**What you should do:**
All of the lines below need to be copied exactly, apart from the pictures.

**Provided data:**
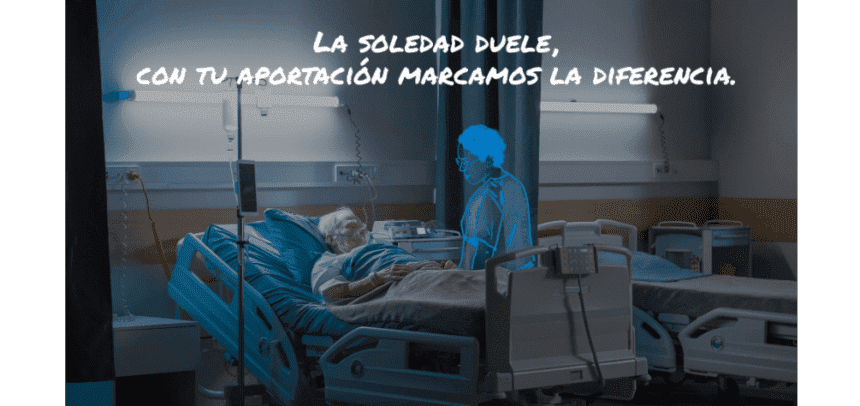 Campaña digital ‘La soledad duele, con tu aportación marcamos la diferencia’ de la Sociedad de San Vicente de Paúl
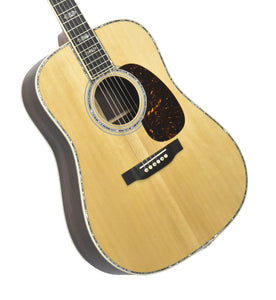 Martin D-45 Acoustic Guitar in Natural 2822208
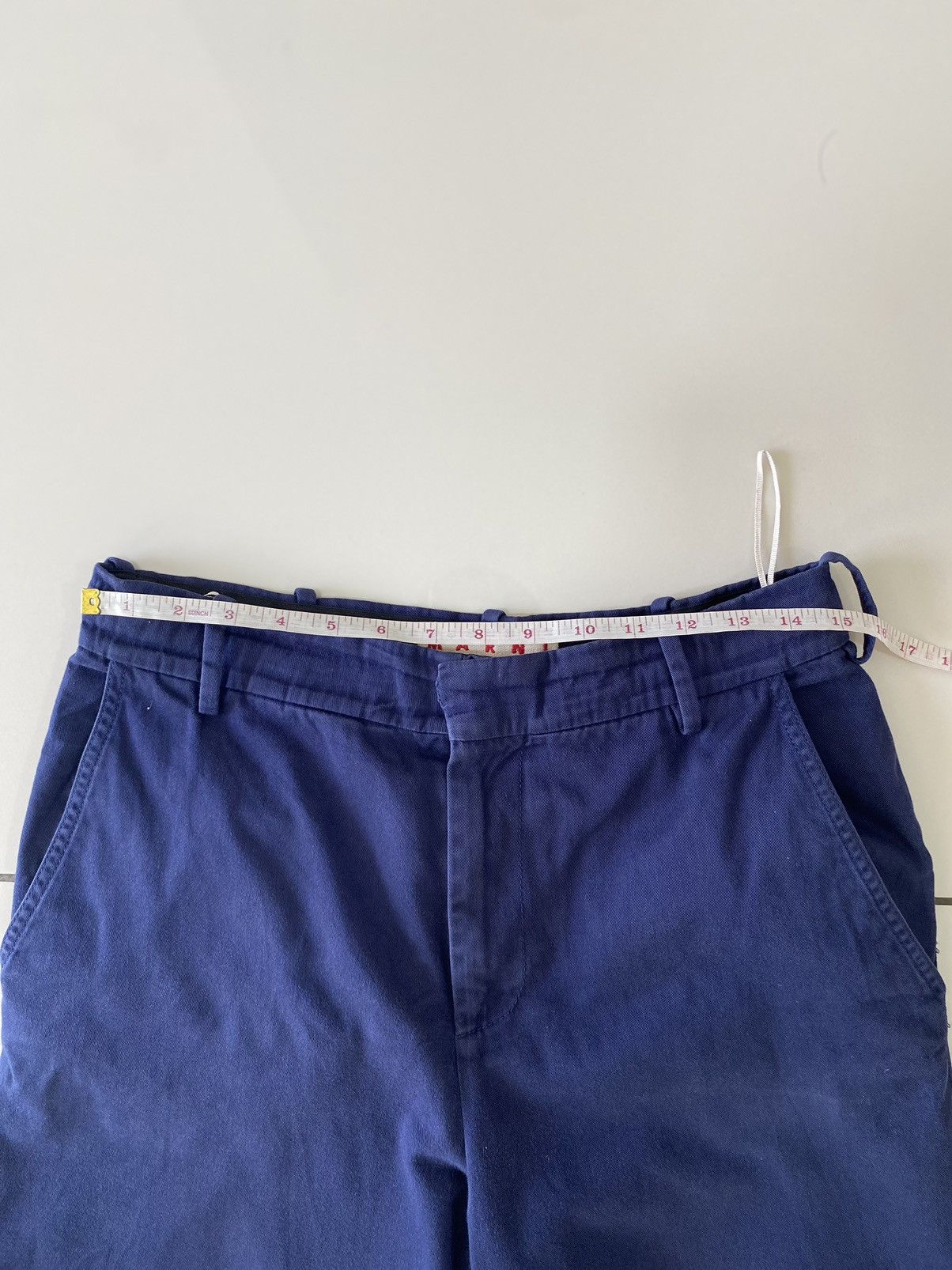 Designer × Marni Marni Logo Embroided Baggy Pants Size 30" / US 8 / IT 44 - 17 Thumbnail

**Result:**
 Campaña digital ‘La soledad duele, con tu aportación marcamos la diferencia’ de la Sociedad de San Vicente de Paúl
 Martin D-45 Acoustic Guitar in Natural 2822208
 Designer × Marni Marni Logo Embroided Baggy Pants Size 30" / US 8 / IT 44 - 17 Thumbnail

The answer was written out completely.